Stakeholder proses integrasi sosial sebenarnya sama dengan stakeholder dalam penyelesaian
konflik yaitu masyarakat, pemerintah, dan organisasi. Stakeholder sendiri dapat dikelompokkan
menjadi dua yaitu pihak dari dalam dan pihak dari luar (Ritha Sofithri, 2011: 680-682).
1) Pihak dari Dalam
Pihak dari dalam yang terlibat proses integrasi sosial adalah pihak yang berasal dari
komunitas yang' mengalami konflik dan kekerasan. Biasanya mereka adalah pemimpin
yang dihormati dan dipercaya masyarakat, baik yang bersifat formal maupun nonformal.
Coba Anda identifikasi siapa saja yang dapat dijadikan tokoh internal dalam menyelesaikan
kasus konflik dan kekerasan di lingkungan Anda!

Gambar 2.5 Masyarakat yang terlibat dalam pertentangan dapat menunjuk pihak internal untuk menjadi
stakeholder
2) Pihak dari Luar
Pihak dari luar yang terlibat proses integrasi adalah pihak yang tidak terlibat konflik. Pihak
tersebut dilibatkan untuk membantu menyelesaikan konflik dan kekerasan. Pihak dari luar
dianggap sebagai pihak netral dan diharapkan mampu membantu kelompok yang bertikai
dalam melihat masalah dengan sudut pandang berbeda serta, menemukan solusi guna
mewujudkan integrasi. Adapun pihak luar yang terlibat proses integrasi sebagai berikut.
a) Polri dan Militer
Polri sebagai alat negara bertugas melindungi, mengayomi, melayani masyarakat,
serta menegakkan hukum. Oleh karena itu, Polri dapat dilibatkan dalam upaya
mewujudkan integrasi pascakonflik. Pihak kepolisian dapat mengawal proses integrasi
agar berjalan secara kondusif.
Selain Polri, terdapat pihak militer yang dapat dilibatkan yaitu TNI. Keterlibatan TNI
diperlukan apabila terjadi konflik dalam skala besar sehingga integrasi sosial sulit
dicapai.
b) LSM
Lembaga Swadaya Masyarakat (LSM) turut memiliki andil dalam pelaksanaan
penanganan konflik dan kekerasan. Lantas apa yang dilakukan LSM terkait
penanganan pemecahan masalah sosial konflik dan kekerasan sebagai upaya
menciptakan integrasi sosial? Tindakan yang dapat dilakukan LSM sebagai berikut
(Rahmadani, 2015: 128-131).
(1) Membangun kepercayaan. LSM membangun kepercayaan masyarakat bahwa
mereka bersedia dimediasi melalui LSM dalam penyelesaian masalah.
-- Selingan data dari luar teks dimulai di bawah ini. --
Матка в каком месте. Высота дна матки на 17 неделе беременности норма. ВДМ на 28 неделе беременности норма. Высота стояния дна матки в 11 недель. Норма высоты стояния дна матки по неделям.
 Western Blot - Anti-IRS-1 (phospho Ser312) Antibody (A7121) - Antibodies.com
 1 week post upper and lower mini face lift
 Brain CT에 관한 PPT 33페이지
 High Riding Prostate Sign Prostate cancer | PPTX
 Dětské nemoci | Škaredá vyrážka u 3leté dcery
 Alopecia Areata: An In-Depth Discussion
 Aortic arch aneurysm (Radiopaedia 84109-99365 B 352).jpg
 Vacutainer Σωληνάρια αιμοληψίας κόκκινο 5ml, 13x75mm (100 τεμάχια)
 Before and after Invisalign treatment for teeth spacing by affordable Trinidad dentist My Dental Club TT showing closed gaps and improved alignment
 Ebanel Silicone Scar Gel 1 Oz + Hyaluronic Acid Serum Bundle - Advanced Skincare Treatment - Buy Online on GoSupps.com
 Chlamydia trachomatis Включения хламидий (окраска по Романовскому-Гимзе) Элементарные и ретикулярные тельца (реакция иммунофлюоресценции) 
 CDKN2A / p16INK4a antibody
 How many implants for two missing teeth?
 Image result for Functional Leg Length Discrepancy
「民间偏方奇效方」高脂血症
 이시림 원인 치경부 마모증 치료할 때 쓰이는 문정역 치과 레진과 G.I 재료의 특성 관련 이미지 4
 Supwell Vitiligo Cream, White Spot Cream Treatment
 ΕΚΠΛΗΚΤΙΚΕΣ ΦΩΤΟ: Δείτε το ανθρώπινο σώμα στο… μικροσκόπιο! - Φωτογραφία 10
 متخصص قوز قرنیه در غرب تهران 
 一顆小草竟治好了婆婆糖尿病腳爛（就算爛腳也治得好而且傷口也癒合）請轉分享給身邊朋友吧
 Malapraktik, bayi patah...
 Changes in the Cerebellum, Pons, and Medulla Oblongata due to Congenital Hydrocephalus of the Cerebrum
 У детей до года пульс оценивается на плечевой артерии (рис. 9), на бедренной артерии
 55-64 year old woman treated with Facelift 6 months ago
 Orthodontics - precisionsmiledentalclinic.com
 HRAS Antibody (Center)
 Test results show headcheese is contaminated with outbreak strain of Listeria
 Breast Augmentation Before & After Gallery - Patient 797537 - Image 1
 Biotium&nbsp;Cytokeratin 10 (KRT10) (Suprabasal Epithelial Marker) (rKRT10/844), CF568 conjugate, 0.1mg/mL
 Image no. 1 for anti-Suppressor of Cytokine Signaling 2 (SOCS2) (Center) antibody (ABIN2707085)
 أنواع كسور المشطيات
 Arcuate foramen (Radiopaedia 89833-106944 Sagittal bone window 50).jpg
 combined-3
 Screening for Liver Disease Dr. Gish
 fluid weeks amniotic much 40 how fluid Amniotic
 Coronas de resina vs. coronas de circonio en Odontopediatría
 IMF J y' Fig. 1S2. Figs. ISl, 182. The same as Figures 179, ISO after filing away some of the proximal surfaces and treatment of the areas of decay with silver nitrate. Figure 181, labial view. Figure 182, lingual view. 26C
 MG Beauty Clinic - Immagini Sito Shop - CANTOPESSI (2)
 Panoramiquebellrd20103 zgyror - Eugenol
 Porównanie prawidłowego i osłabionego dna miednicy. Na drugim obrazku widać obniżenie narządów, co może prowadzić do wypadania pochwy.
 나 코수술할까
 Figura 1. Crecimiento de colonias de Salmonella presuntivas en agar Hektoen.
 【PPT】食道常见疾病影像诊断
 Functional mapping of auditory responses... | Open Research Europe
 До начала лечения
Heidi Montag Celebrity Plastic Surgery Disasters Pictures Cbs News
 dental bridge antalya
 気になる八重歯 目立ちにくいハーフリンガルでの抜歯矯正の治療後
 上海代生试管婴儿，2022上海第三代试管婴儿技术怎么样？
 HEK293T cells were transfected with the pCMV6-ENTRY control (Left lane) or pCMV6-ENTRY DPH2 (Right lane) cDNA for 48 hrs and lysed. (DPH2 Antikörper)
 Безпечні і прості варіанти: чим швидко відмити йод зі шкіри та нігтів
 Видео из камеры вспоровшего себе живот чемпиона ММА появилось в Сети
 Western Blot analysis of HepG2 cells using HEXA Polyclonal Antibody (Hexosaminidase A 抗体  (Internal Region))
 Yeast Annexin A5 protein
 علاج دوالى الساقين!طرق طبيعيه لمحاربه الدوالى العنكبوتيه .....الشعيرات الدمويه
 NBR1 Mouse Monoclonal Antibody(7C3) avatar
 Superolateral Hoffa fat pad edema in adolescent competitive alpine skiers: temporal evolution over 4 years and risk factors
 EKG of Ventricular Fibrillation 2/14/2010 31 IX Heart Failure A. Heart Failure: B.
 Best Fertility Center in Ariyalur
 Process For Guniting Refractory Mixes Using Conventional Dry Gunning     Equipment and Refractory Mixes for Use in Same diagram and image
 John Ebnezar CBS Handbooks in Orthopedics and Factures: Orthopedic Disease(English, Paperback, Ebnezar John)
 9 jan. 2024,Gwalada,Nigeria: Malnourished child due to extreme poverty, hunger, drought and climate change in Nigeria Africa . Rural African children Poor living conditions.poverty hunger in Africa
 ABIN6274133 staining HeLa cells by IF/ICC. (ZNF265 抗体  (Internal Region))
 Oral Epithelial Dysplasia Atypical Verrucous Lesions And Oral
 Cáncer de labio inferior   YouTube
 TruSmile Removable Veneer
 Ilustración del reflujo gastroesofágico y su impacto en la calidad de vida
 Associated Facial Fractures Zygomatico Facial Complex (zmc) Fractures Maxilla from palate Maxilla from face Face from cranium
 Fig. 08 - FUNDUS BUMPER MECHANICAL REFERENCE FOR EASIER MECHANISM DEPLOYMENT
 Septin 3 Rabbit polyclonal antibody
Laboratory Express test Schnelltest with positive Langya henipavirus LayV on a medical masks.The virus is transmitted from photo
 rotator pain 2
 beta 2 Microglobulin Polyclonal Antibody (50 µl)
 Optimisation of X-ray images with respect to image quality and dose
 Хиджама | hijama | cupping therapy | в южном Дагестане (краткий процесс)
(2) Memodifikasi isu. LSM mengidentifikasi berbagai isu yang menj adi sumber
masalah, memetakan masalah, dan memperkenalkan alternatif penyelesaian
masalah.
(3) Mendorong komunikasi antarpihak yang terlibat masalah. Melalui komunikasi,
antarpihak yang berkonflik memiliki pemahaman tentang konflik dan cara
menyelesaikannya.
Bisa jadi pihak yang dilibatkan dalam proses integrasi sosial sama dengan proses
reintegrasi sosial. Meskipun demikian, tidak menutup kemungkinan terdapat tambahan pihak-
pihak yang dilibatkan. Kondisi tersebut disesuaikan dengan kebutuhan, besar kecilnya konflik
dan kekerasan yang ditangani, serta jenis program yang dijalankan.